## EXERCISE BRIEF
Please repeat exactly the lines from the one containing "New Balance 1000 Boys" through the last line of the records below, both included, and leave out any pictures.

Pictures with short captions
=== Section Start ===

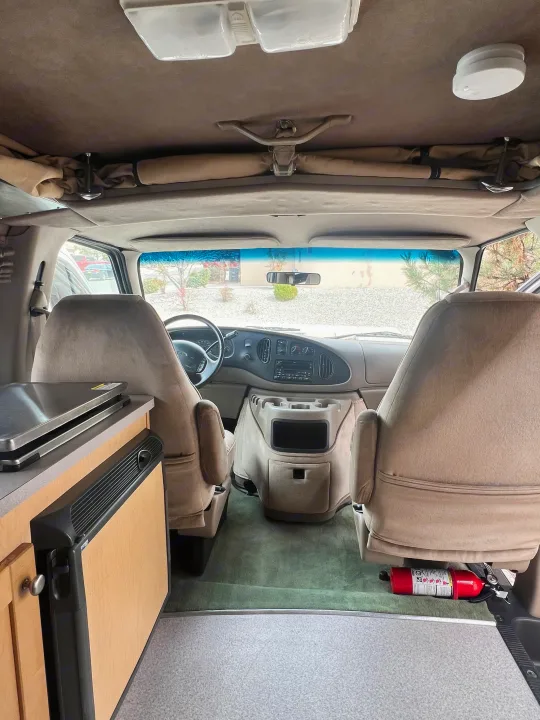 Inside this rv rental, view forward: tan interior, driver & passenger seats, dashboard, and a compact kitchen setup on left.. Ford Pleasure Way Xl Rd Widebody 2002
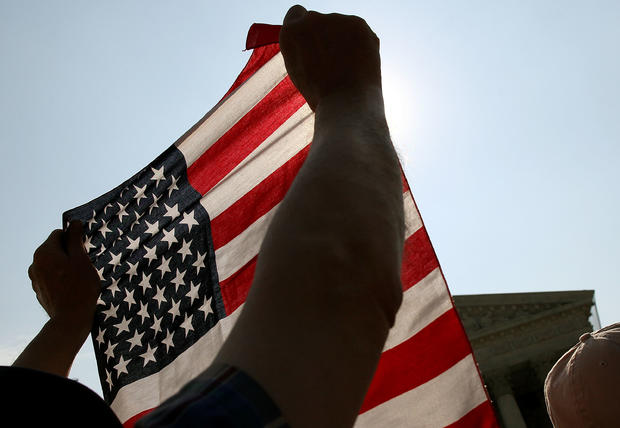 A protester holds an American flag during a demonstration 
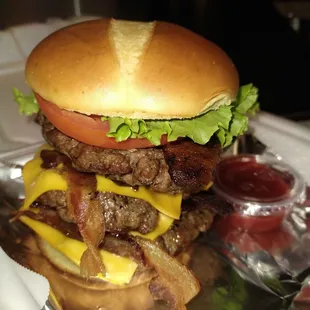 a burger with bacon and cheese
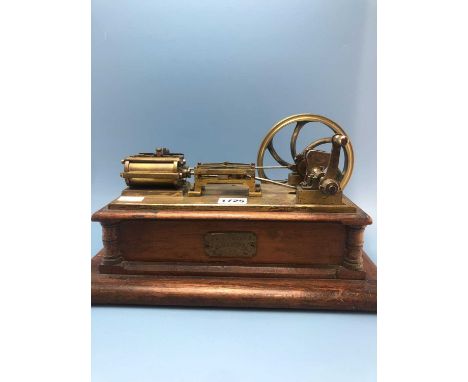 An antique hand-made steam engine brass piston action scale model pump engine by E A Nehan, 1904, mounted on a mahogany recta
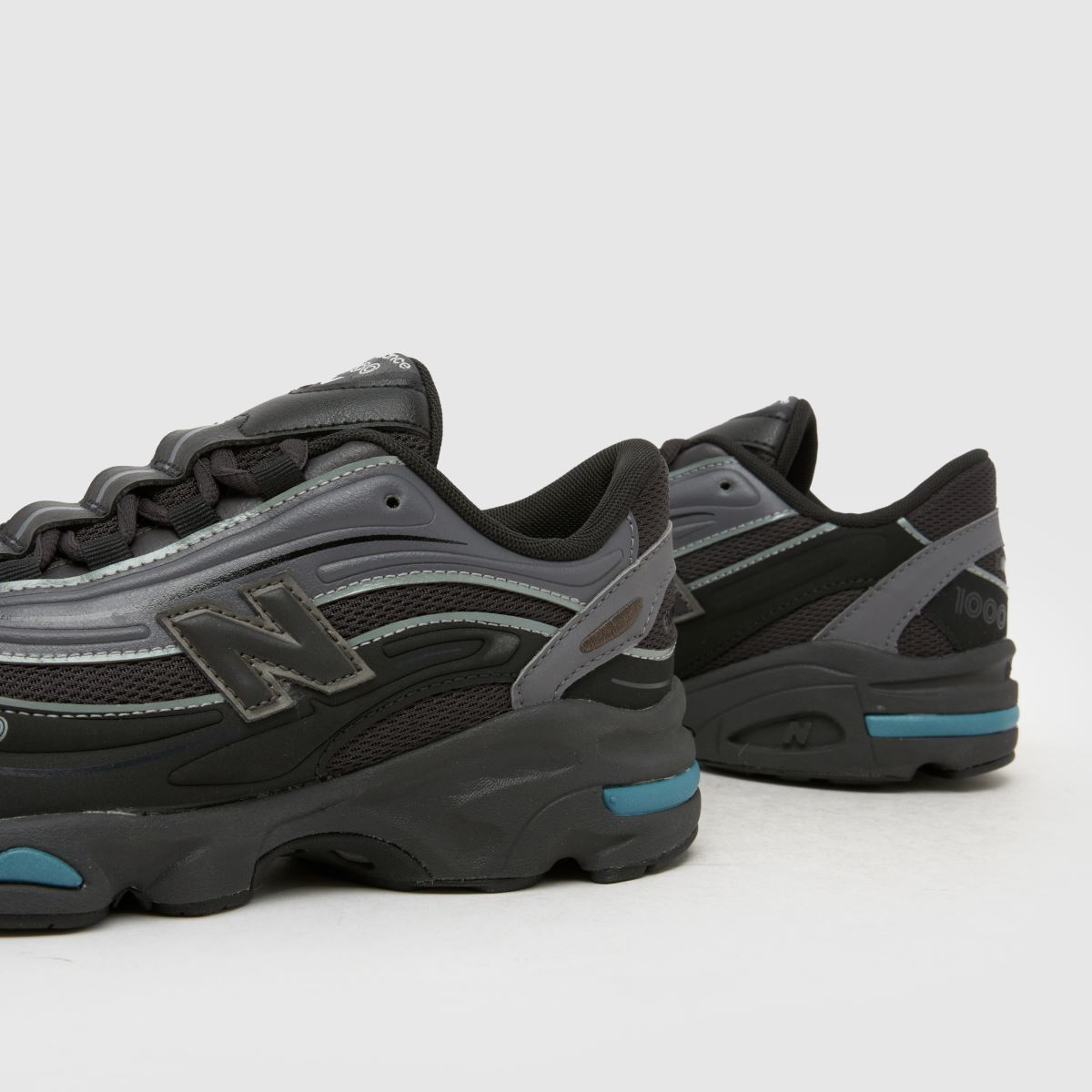New Balance 1000 Boys Youth in Black & Grey New Balance 1000 7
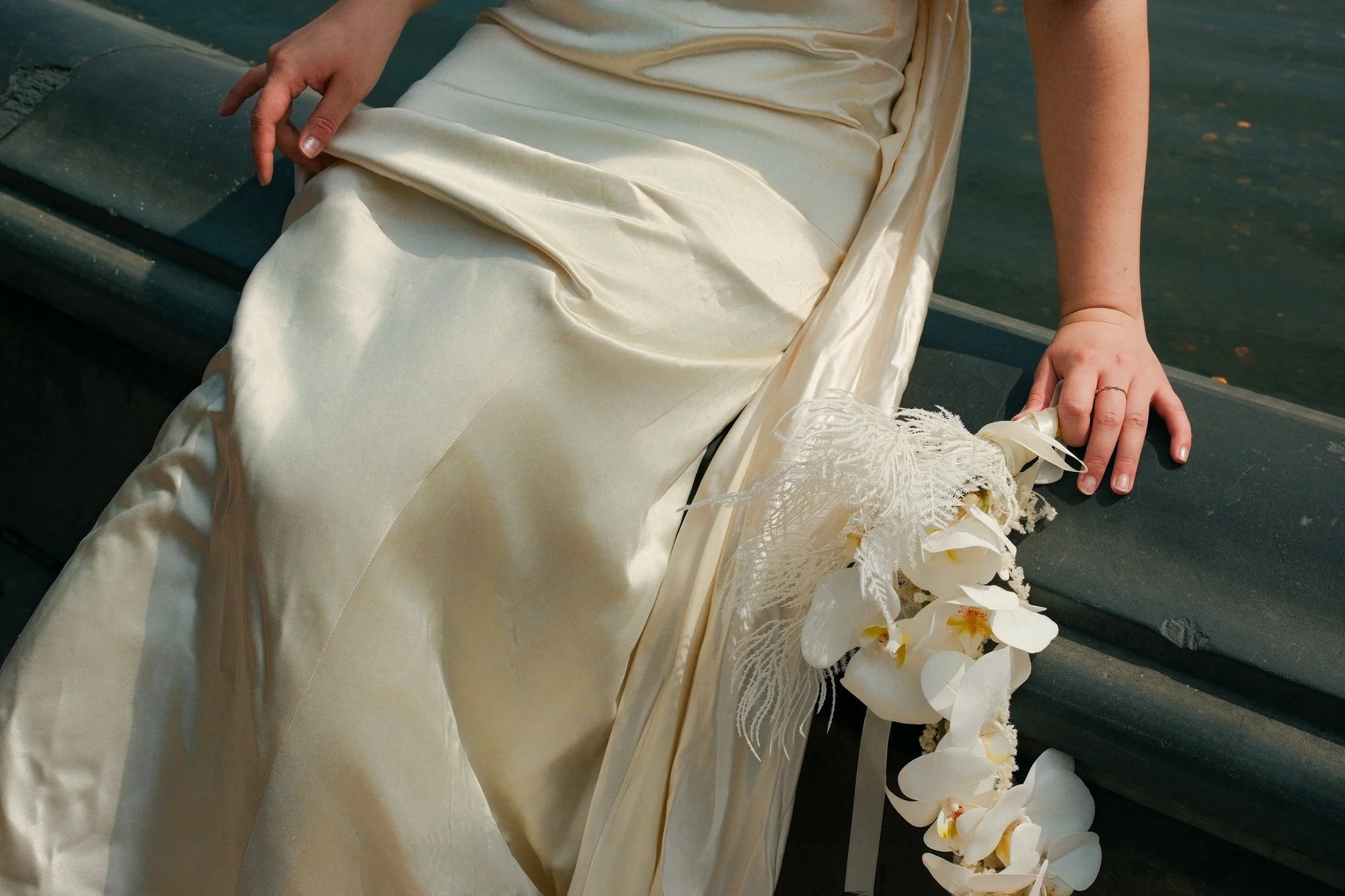 Close-up of a person wearing a silky, cream-colored dress, sitting on a dark bench near water, with a bouquet of white orchids and lace ribbons resting on the bench.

=== Section End ===

## EXERCISE RESULT
New Balance 1000 Boys Youth in Black & Grey New Balance 1000 7
 Close-up of a person wearing a silky, cream-colored dress, sitting on a dark bench near water, with a bouquet of white orchids and lace ribbons resting on the bench.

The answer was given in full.